The full moon nearest the Autumn Equinox is known in folklore as the Harvest Moon (sometimes also called the Hunter’s Moon). The earliest recorded use of the term “Harvest Moon” is from 1706, but it is almost certainly an earlier name. This year’s Harvest Moon was especially close to the Equinox, due to the Equinox being slightly late (23rd September), with the Harvest Moon on the 24th-25th September.
Due to the shortening days, the moonrise is reasonably close to the sunset, allowing for near-continuous brightness early in the evening; useful for farmers getting the last sheaves of the harvest in!
This year’s Harvest Moon seemed to me at least to be especially bright and striking. I manged to see it rise above the clouds and was just awe-struck by its beauty. Knowing the moon is an orbiting rock in space, a mirror of the sunlight (not as ancient people thought a light itself), and that people have walked on its surface, does not lessen that awe for me, it increases it.

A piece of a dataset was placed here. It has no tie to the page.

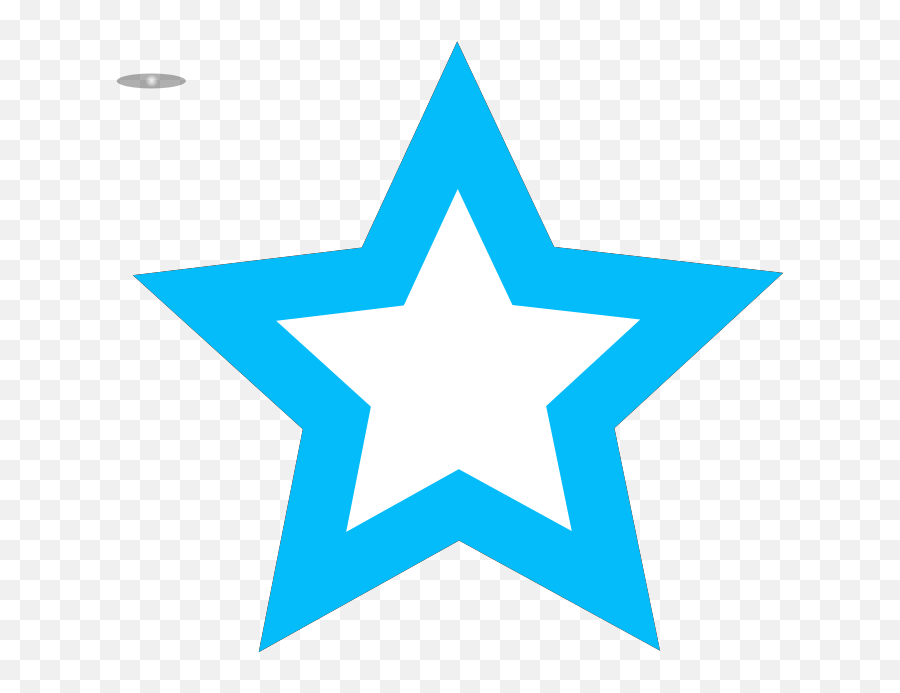 Blue Star Outline Clip Art - Trophy Line Icon Png Emoji,Star Outline Clipart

Full moons are always a good time to take a moment out of the everyday world, the world of clock-time and calendar-time, and return to a sense of awareness of the natural cycles of time, of the earth, the sun and the moon; to see our place in the great dance, and to relax into the rhythms of nature.
Books and websites will give you literally thousands of full moon rituals to perform, invocations to say, magic to work, but for me, the simple act of standing outside, gazing at the moon and being still is enough.

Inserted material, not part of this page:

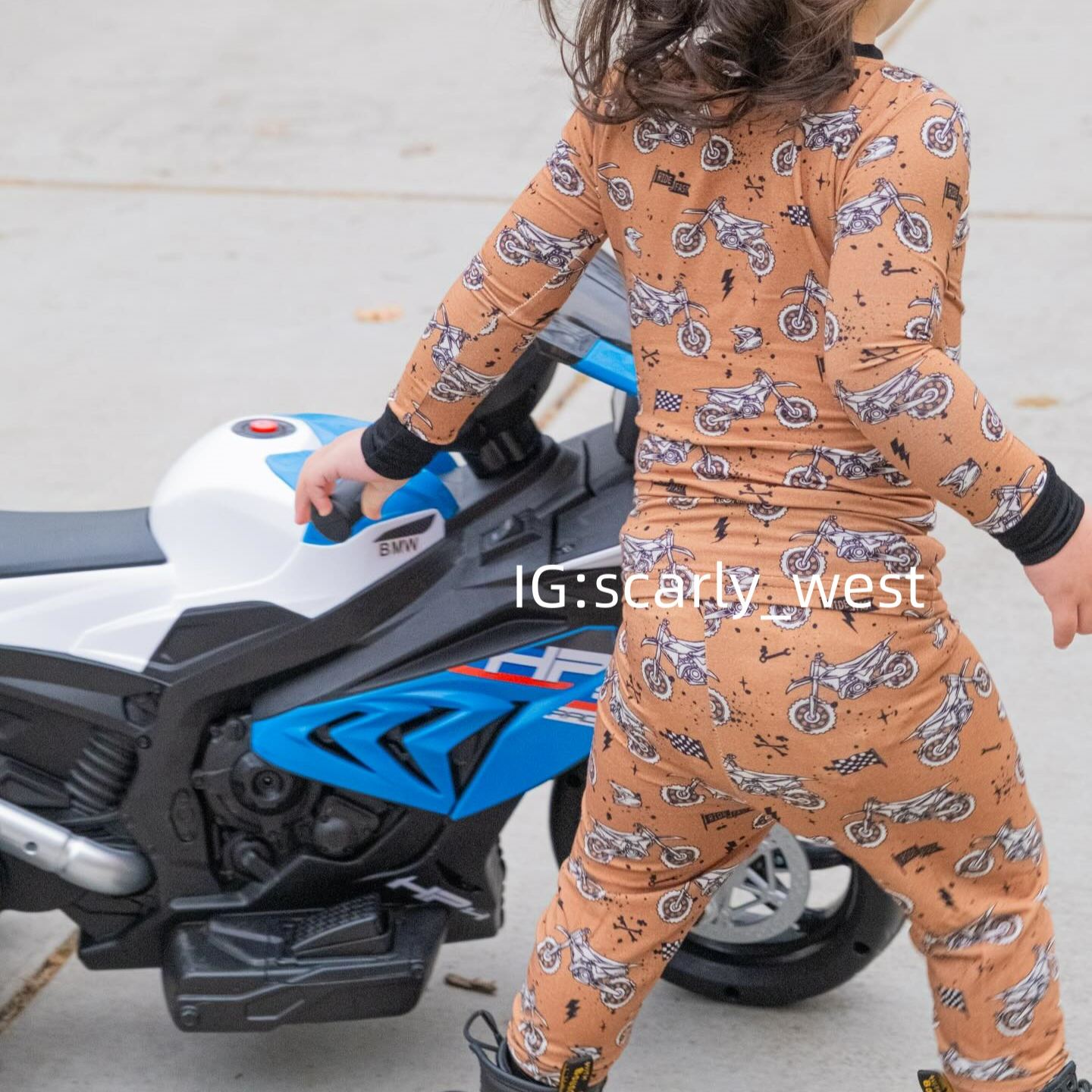 Kid Motorcycle Bamboo Set ( 2-6Y )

The moon may be waning now (“waning gibbous” to use the technical term) but if you go out tonight it will still appear almost full and still bright.

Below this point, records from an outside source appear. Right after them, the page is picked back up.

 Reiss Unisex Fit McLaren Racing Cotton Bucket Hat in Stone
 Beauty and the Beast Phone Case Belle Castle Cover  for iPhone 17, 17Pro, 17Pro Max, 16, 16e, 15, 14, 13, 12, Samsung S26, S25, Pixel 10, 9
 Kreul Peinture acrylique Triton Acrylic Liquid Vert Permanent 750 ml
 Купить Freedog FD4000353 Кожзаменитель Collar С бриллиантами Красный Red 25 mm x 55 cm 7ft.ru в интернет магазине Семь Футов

Of course, the waning moon has its wonders too, and traditionally is a time for working to decrease anything you want less of in life, such as anger or stress. As the moon gets smaller, visualise your negativity also getting smaller until at the dark moon, it is gone completely. And then enjoy the spectacle of the new moon growing larger as it waxes to full once again.
The cycle turns, the year slips into darkness, the nights overtaking the days. Now is the time of the moon, now is the season of the Witch.